**EXERCISE INSTRUCTIONS:** Transcribe word for word the lines below from the line with "16P 2 barely" through the line with "Exquisite Gold-Plated Floral", ends included.
(ENTRIES PROVIDED Opens)
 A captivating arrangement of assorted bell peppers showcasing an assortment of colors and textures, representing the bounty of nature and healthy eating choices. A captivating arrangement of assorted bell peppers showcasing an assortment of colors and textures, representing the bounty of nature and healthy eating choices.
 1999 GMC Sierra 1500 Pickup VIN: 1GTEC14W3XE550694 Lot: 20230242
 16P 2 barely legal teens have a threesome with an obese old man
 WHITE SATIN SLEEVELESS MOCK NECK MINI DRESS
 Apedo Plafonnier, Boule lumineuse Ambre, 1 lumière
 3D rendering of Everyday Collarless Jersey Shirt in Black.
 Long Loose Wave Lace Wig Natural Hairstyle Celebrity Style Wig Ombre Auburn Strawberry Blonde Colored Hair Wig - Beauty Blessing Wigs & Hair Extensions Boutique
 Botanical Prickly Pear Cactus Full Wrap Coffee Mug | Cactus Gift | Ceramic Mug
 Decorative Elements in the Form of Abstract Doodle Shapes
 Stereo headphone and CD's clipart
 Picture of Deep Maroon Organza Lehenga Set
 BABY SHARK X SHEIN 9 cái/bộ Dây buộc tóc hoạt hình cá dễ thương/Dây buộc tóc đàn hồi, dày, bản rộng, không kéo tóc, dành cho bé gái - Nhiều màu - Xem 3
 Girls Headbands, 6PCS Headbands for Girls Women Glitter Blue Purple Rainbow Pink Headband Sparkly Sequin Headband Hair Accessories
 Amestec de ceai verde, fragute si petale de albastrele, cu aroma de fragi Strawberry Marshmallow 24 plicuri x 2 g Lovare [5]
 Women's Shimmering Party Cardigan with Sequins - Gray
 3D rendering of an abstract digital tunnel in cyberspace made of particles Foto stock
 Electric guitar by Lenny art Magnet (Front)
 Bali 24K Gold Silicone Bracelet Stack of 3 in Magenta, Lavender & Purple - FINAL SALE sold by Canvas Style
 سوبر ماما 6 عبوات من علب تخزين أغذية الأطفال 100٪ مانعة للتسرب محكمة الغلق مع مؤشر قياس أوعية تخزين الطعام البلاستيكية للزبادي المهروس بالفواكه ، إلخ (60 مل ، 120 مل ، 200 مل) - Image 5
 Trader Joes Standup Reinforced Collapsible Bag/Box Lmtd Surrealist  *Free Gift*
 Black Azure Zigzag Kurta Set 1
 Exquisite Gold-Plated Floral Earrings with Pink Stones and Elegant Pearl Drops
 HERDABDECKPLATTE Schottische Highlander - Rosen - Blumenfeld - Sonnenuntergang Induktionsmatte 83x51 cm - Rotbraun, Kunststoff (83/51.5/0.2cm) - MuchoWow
(ENTRIES PROVIDED Closes)
**YOUR RESPONSE:**
 16P 2 barely legal teens have a threesome with an obese old man
 WHITE SATIN SLEEVELESS MOCK NECK MINI DRESS
 Apedo Plafonnier, Boule lumineuse Ambre, 1 lumière
 3D rendering of Everyday Collarless Jersey Shirt in Black.
 Long Loose Wave Lace Wig Natural Hairstyle Celebrity Style Wig Ombre Auburn Strawberry Blonde Colored Hair Wig - Beauty Blessing Wigs & Hair Extensions Boutique
 Botanical Prickly Pear Cactus Full Wrap Coffee Mug | Cactus Gift | Ceramic Mug
 Decorative Elements in the Form of Abstract Doodle Shapes
 Stereo headphone and CD's clipart
 Picture of Deep Maroon Organza Lehenga Set
 BABY SHARK X SHEIN 9 cái/bộ Dây buộc tóc hoạt hình cá dễ thương/Dây buộc tóc đàn hồi, dày, bản rộng, không kéo tóc, dành cho bé gái - Nhiều màu - Xem 3
 Girls Headbands, 6PCS Headbands for Girls Women Glitter Blue Purple Rainbow Pink Headband Sparkly Sequin Headband Hair Accessories
 Amestec de ceai verde, fragute si petale de albastrele, cu aroma de fragi Strawberry Marshmallow 24 plicuri x 2 g Lovare [5]
 Women's Shimmering Party Cardigan with Sequins - Gray
 3D rendering of an abstract digital tunnel in cyberspace made of particles Foto stock
 Electric guitar by Lenny art Magnet (Front)
 Bali 24K Gold Silicone Bracelet Stack of 3 in Magenta, Lavender & Purple - FINAL SALE sold by Canvas Style
 سوبر ماما 6 عبوات من علب تخزين أغذية الأطفال 100٪ مانعة للتسرب محكمة الغلق مع مؤشر قياس أوعية تخزين الطعام البلاستيكية للزبادي المهروس بالفواكه ، إلخ (60 مل ، 120 مل ، 200 مل) - Image 5
 Trader Joes Standup Reinforced Collapsible Bag/Box Lmtd Surrealist  *Free Gift*
 Black Azure Zigzag Kurta Set 1
 Exquisite Gold-Plated Floral Earrings with Pink Stones and Elegant Pearl Drops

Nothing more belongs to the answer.